[Scraped caption text data]
== Segment start ==
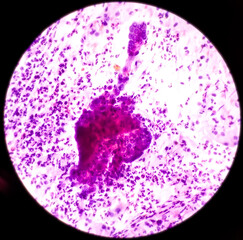Cervical cancer cells. Atypical glandular cells fo undetermined significance(AGUS), Cancer of...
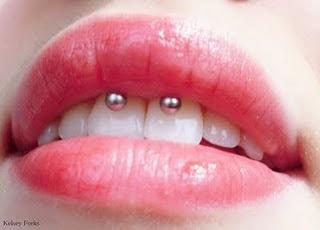 An example of a smiley piercing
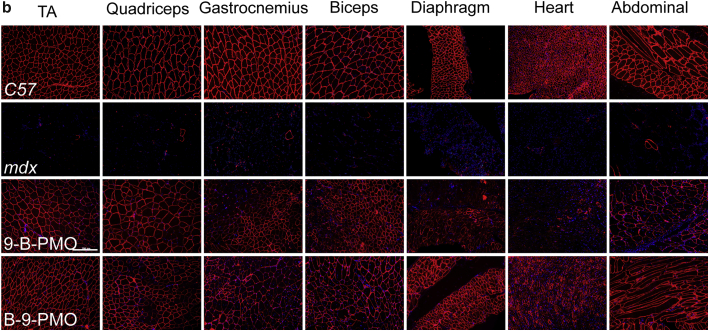 Figure 1b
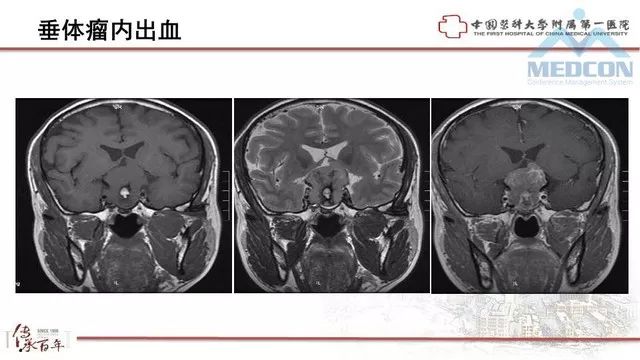 影像PPT - 【PPT】鞍区肿瘤性病变的影像诊断思路-14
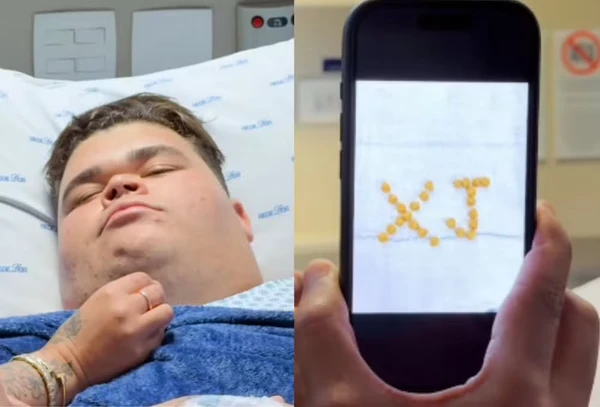 Gordão da XJ faz cirurgia para tirar pedras na vesícula por Reprodução/Redes Sociais 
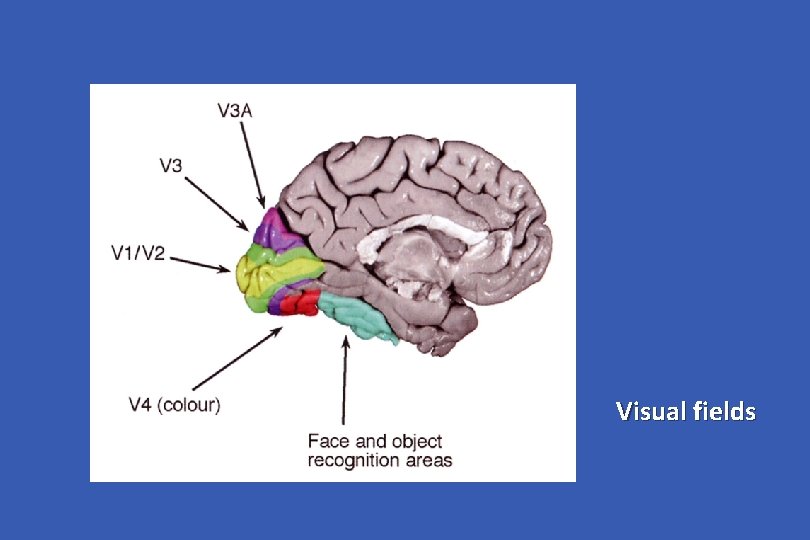 Visual fields 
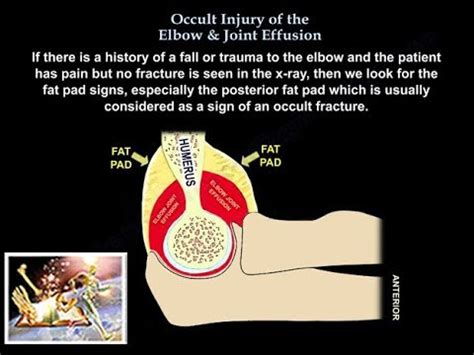 Joint Effusion Treatment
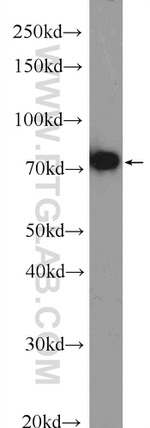 TAF15 Antibody in Western Blot (WB)
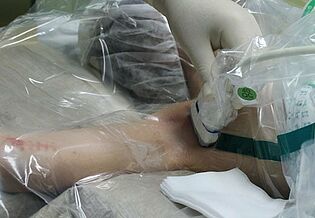 Vorbereitung der Teilnarkose für eine Ellenbogen-OP per Ultraschall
== Segment end ==
▸ **Your task**:
Give every entry again verbatim, with no pictures.

▸ **Answer to the exercise**:
Cervical cancer cells. Atypical glandular cells fo undetermined significance(AGUS), Cancer of...
 An example of a smiley piercing
 Figure 1b
 影像PPT - 【PPT】鞍区肿瘤性病变的影像诊断思路-14
 Gordão da XJ faz cirurgia para tirar pedras na vesícula por Reprodução/Redes Sociais 
 Visual fields 
 Joint Effusion Treatment
 TAF15 Antibody in Western Blot (WB)
 Vorbereitung der Teilnarkose für eine Ellenbogen-OP per Ultraschall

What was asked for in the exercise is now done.